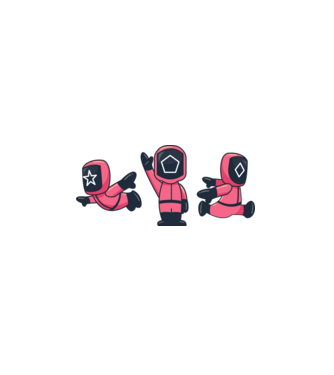 cute squid game toys model alb pe tricou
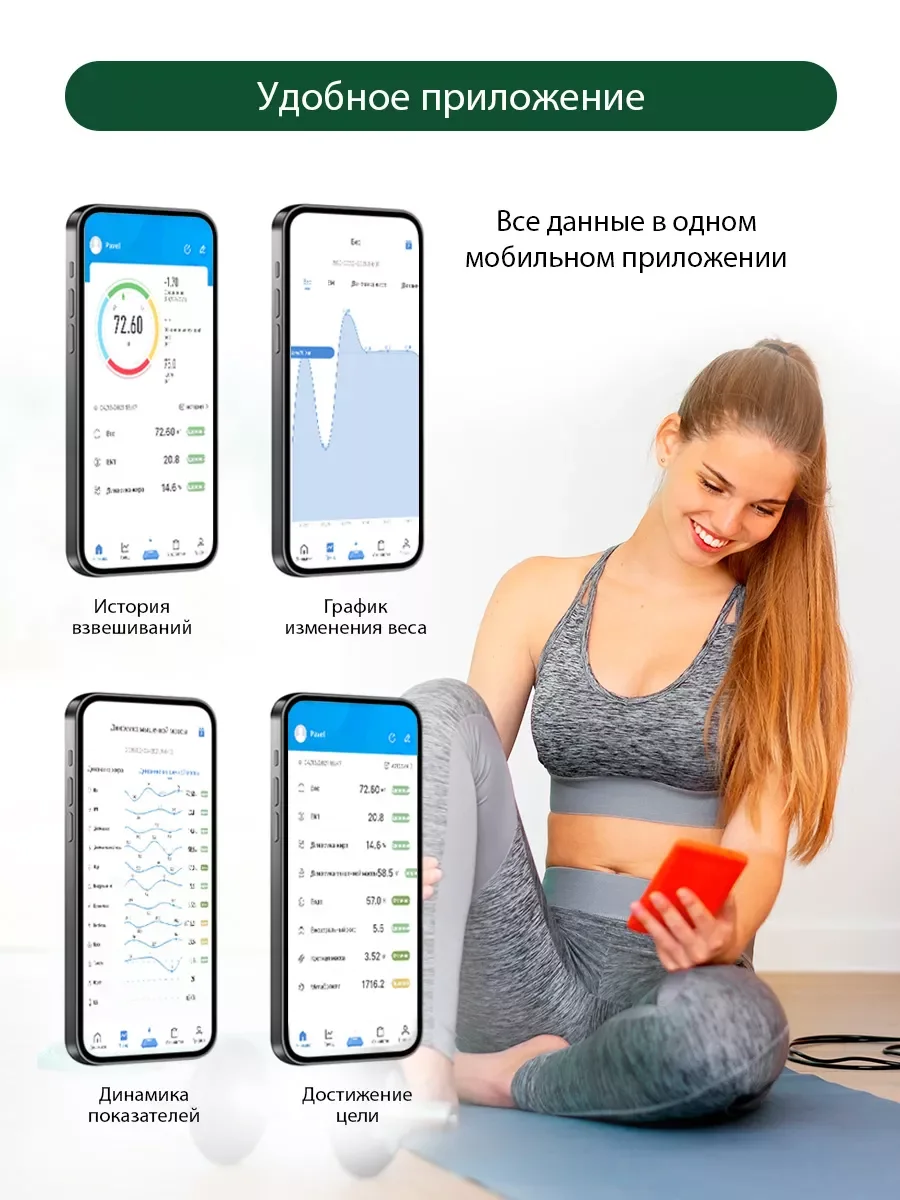 Серый умные диагностические весы MARTA MT-1606 с Bluetooth, LED , серый графит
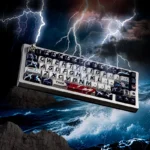 Thor's Thunderous Might 142-key mechanical keycap set, showcasing dynamic Mjolnir and lightning motifs for a premium Thor-inspired keyboard.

☆ ☆ ☆

YOUR TASK
Return the material in full, word for word, and skip the pictures.

EXPECTED ANSWER
 cute squid game toys model alb pe tricou
 Серый умные диагностические весы MARTA MT-1606 с Bluetooth, LED , серый графит
 Thor's Thunderous Might 142-key mechanical keycap set, showcasing dynamic Mjolnir and lightning motifs for a premium Thor-inspired keyboard.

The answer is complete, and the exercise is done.